SANTA MARIA A VICO. Si arricchisce di nuovi sviluppi il caso della cosiddetta “casa lager”, che nei giorni scorsi ha scosso profondamente l’opinione pubblica tra la Valle di Suessola e l’intero Casertano. Dopo le decisioni del Gip del Tribunale di Spoleto, emergono ora ulteriori provvedimenti che riguardano Giuseppe Carfora, già coinvolto insieme ad Anna Fiorella Piscitelli nel tentativo di truffa aggravata ai danni di un’anziana.
Nelle ultime ore è stato infatti disposto il ripristino della sorveglianza speciale nei confronti di Carfora, con una misura ancora più stringente: il divieto di soggiorno nel Comune di Santa Maria a Vico. Un provvedimento che segna un ulteriore giro di vite sulla posizione dell’uomo, già destinatario del divieto di dimora in Umbria.

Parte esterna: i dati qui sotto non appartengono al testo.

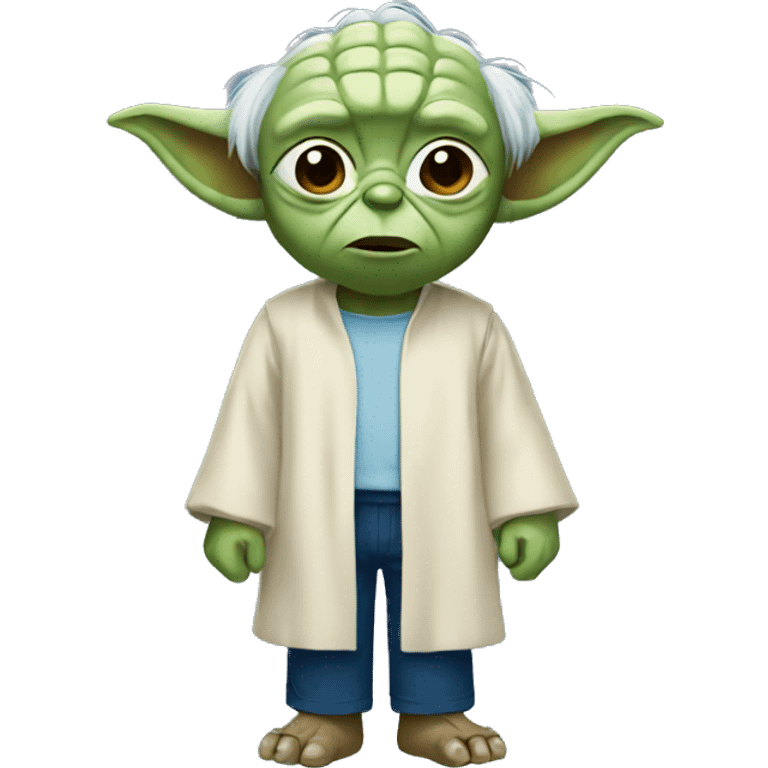 Yoda wearing light blue shirt and dark blue shorts  emoji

Secondo quanto stabilito, Carfora dovrà lasciare il territorio e avviare un nuovo soggiorno entro il 9 aprile 2026. Da quel momento, scatterà una prescrizione rigidissima: qualora venga trovato a Santa Maria a Vico anche solo un minuto dopo la mezzanotte del 9 aprile, rischierebbe l’arresto.

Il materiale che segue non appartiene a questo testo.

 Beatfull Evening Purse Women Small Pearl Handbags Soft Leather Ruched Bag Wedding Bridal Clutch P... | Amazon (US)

Una misura che evidenzia la gravità del quadro complessivo emerso nel corso delle indagini. Oltre al tentativo di truffa con il metodo del “finto finanziere”, resta infatti centrale il secondo filone investigativo: quello legato alla madre 75enne dell’uomo, trovata segregata in casa in condizioni drammatiche.
Sul piano difensivo, gli avvocati Carlo Perrotta e Davide Pascarella continuano a seguire la posizione dei due indagati, mentre il procedimento resta ora nelle mani della Procura di Perugia, dopo la dichiarata incompetenza territoriale del Gip di Spoleto.

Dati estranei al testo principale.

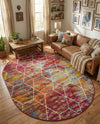 Trellis Mosaic Collection Area Rug - Arborville (Multi) Oval Multi  lifestyle 83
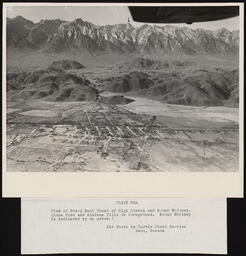 View of steep east front of High Sierra and Mount Whitney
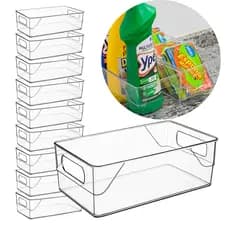 Kit 10 Organizadores Multiuso Para Geladeira, Cozinha E Despensa Em Acrílico Transparente
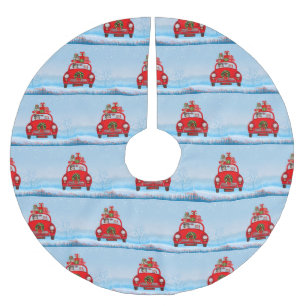 Australian Shepherd Dog In Car With Santa Claus  Brushed Polyester Tree Skirt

Intanto il caso ha assunto anche una forte rilevanza mediatica nazionale: nella giornata di ieri la vicenda è stata affrontata nel corso della trasmissione televisiva “La Vita in Diretta”, segno dell’impatto e della delicatezza della storia.
Due filoni – la truffa agli anziani e la drammatica vicenda familiare – che continuano a intrecciarsi e a delineare un quadro sempre più pesante per Carfora, su cui ora si concentra l’attenzione degli inquirenti e dell’autorità giudiziaria.